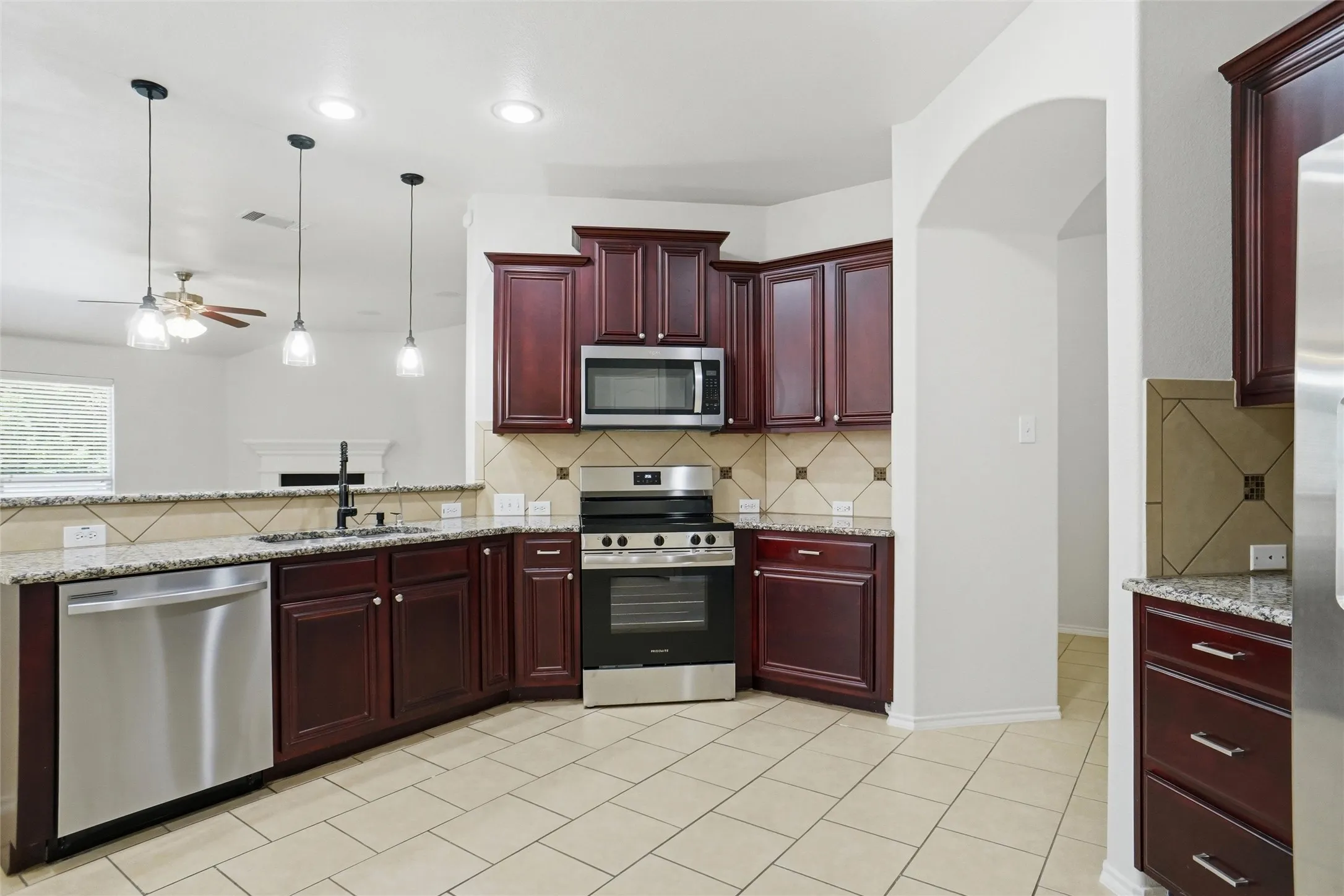 Single Family Residence For Rent in Dallas County , 3015 Briarbrook Drive, Seagoville, Texas 75159, 3 Bedroom, 2 Bathroom, 2 Garage spaces, 1,756 Sqft, built in 2012, mls#21351752, Real Estate Agent in Seagoville, Homes For Rent in Dallas county, Homes For Rent in Seagoville, Realtor in Seagoville Texas, Real Estate Brokerage Independent Realty Texas, Luminita Cordes Realtor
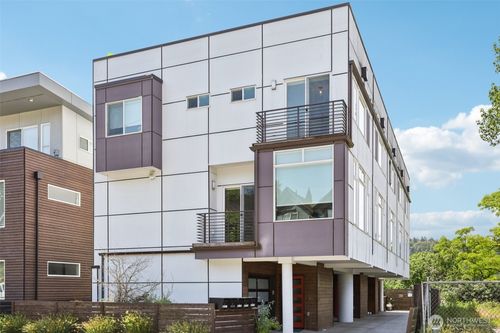 a-5017 Delridge Way Sw, Seattle, WA, 98106-1334 | Card Image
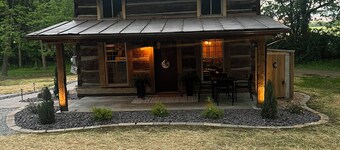 Charming 2-bedroom cabin in enchanting Wadesville with Heat, AC, WiFi, Hot Tub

(WHAT YOU NEED TO DO): Print the listing again exactly as it appears, except for the pictures, which stay out.

(ANSWER TO THE PROBLEM):
 Single Family Residence For Rent in Dallas County , 3015 Briarbrook Drive, Seagoville, Texas 75159, 3 Bedroom, 2 Bathroom, 2 Garage spaces, 1,756 Sqft, built in 2012, mls#21351752, Real Estate Agent in Seagoville, Homes For Rent in Dallas county, Homes For Rent in Seagoville, Realtor in Seagoville Texas, Real Estate Brokerage Independent Realty Texas, Luminita Cordes Realtor
 a-5017 Delridge Way Sw, Seattle, WA, 98106-1334 | Card Image
 Charming 2-bedroom cabin in enchanting Wadesville with Heat, AC, WiFi, Hot Tub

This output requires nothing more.